(Stored items from a collection)
=== Begin Enclosure ===
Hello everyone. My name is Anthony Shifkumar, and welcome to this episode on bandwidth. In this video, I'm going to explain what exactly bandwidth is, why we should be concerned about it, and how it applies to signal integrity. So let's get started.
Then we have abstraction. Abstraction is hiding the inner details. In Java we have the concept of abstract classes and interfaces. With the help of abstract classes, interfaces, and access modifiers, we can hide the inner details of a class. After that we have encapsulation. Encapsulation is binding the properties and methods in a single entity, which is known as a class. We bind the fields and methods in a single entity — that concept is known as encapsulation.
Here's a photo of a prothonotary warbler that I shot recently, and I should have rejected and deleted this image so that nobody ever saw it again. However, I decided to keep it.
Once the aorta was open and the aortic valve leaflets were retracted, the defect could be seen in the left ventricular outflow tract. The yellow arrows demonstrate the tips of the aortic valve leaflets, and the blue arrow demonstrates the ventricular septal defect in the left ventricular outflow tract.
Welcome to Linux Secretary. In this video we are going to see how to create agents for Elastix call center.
=== End Enclosure ===
=== Begin Enclosure ===
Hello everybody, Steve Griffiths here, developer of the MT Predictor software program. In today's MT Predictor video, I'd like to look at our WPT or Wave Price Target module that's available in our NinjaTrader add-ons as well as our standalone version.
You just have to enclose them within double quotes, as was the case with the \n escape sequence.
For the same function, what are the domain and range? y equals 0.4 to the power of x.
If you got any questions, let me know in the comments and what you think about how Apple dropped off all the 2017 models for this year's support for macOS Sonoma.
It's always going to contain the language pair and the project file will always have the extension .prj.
=== End Enclosure ===
Find "Here's a photo" in the entries above and copy that whole line exactly, then each line after it through the line that contains "Welcome to Linux".

Answer section:
Here's a photo of a prothonotary warbler that I shot recently, and I should have rejected and deleted this image so that nobody ever saw it again. However, I decided to keep it.
Once the aorta was open and the aortic valve leaflets were retracted, the defect could be seen in the left ventricular outflow tract. The yellow arrows demonstrate the tips of the aortic valve leaflets, and the blue arrow demonstrates the ventricular septal defect in the left ventricular outflow tract.
Welcome to Linux Secretary. In this video we are going to see how to create agents for Elastix call center.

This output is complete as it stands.